PLATAFORMA MACAU – Que leitura faz deste conceito de que tanto se fala, a lusofonia?
JOSÉ GIL – Sobre isso teríamos de falar muito. Eu acho a lusofonia, tal como ela é expressa, muito mal formulada e um grande mito. A prova de que é um mito é o que está a acontecer à lusofonia e à instituição que a suporta que é a CPLP (Comunidade dos Países de Língua Portuguesa), com a entrada da Guiné Equatorial no espaço da lusofonia, que é um escândalo do mais vergonhoso que se pode imaginar. Eu rejeito a lusofonia, e em todo o caso a instituição que promove a lusofonia em nome disso. Não posso apoiar um ditador que entra [referindo-se à entrada da Guiné Equatorial nesta comunidade]. Não tem nada a ver com a lusofonia, com a nobreza da língua. Antes disso mesmo, é um mito por que a língua é diferente e desenvolve-se por ela própria em múltiplas outras línguas dentro da língua e tem de se desenvolver, tem de se deixar desenvolver. É uma riqueza maior. O português do Brasil é diferente e tem que se desenvolver, não com acordos ortográficos.

P.M. – Diz não ao acordo.
J.G. – Sou contra o acordo ortográfico. Assinei, escrevi contra isso e acho uma infelicidade enorme. Repare que ele ainda não foi aceite por uma série de países da lusofonia importantes, como o Brasil ou Angola. Mas nós já praticamos a lusofonia ali, e já praticamos oficialmente. Isto é outra vez uma vergonha para nós. A língua tem uma vida própria, a língua portuguesa em Portugal é diferente da língua portuguesa em Moçambique, como basta comparar um Mia Couto com um Rui Nunes, por exemplo. E vemos diferenças em expressões da língua. Não há que formar um império da língua, por que isso não existe. É para mim um mito, mas que haja cada vez mais falantes da sua língua portuguesa e que ela se desenvolva nas suas direcções próprias em Angola, em Moçambique, no Brasil ou em Portugal, isso é óptimo. E é o que vai ser se não entrarmos em acordos ortográficos ou rígidos. A maior parte dos grandes escritores portugueses rejeitaram o acordo ortográfico e escrevem sem as normas do acordo, o que acho muito bem.

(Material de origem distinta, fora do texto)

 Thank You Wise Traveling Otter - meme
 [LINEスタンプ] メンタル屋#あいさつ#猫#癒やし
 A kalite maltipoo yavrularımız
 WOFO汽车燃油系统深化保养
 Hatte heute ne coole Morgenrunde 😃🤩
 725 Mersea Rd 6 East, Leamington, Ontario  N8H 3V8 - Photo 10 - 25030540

P.M. – Com a expansão da cultura e da língua, não procurava Portugal uma forma de se perpetuar, acabando por anular-se?
J.G. – Eu acho que sim. Mas quem é que julga que se está a anular entre os que promovem isso? Ninguém. Dos que são contra, sim. Há um ensaiozinho, creio, já muito antigo do Eduardo Lourenço, sobre a lusofonia como uma ilusão. E eu estou de acordo com ele, que é uma ilusão. É uma grande ilusão.

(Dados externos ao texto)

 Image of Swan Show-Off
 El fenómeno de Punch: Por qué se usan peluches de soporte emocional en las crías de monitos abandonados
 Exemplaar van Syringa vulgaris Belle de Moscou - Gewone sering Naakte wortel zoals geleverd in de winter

P.M. – O que julga que falta ser feito para a exportação da língua portuguesa?
J.G. – Nós não temos que exportar a língua portuguesa. Temos de dar ensejo para que ela – e é o que queria dizer com a palavra exportar – se desenvolva. Por exemplo, o Instituto Camões infelizmente aboliu várias instituições na Europa, mas tinha uma série de delegações nos países europeus e que promoviam a língua portuguesa. Eu fiquei espantado uma vez, quando fui a Budapeste e encontrei quase uma centena de húngaros – também havia romenos e outros povos daquela região – que estavam a aprender, que sabiam e praticavam a língua portuguesa. Por muitas razões: porque gostavam, porque era próximo, porque iam ler o Fernando Pessoa, Camões na própria língua. Por uma série de razões.

[Transcrição parcial de entrevista, realizada pela jornalista Catarina Domingues, com o título “Lusofonia: mito e ilusão“, concedida pelo filósofo José Gil ao jornal “Plataforma Macau“. Publicada na edição n.º 16, de 29.08.14. A ortografia desta transcrição foi revertida automaticamente para a norma Pt-Pt. “Links” e destaques nossos.]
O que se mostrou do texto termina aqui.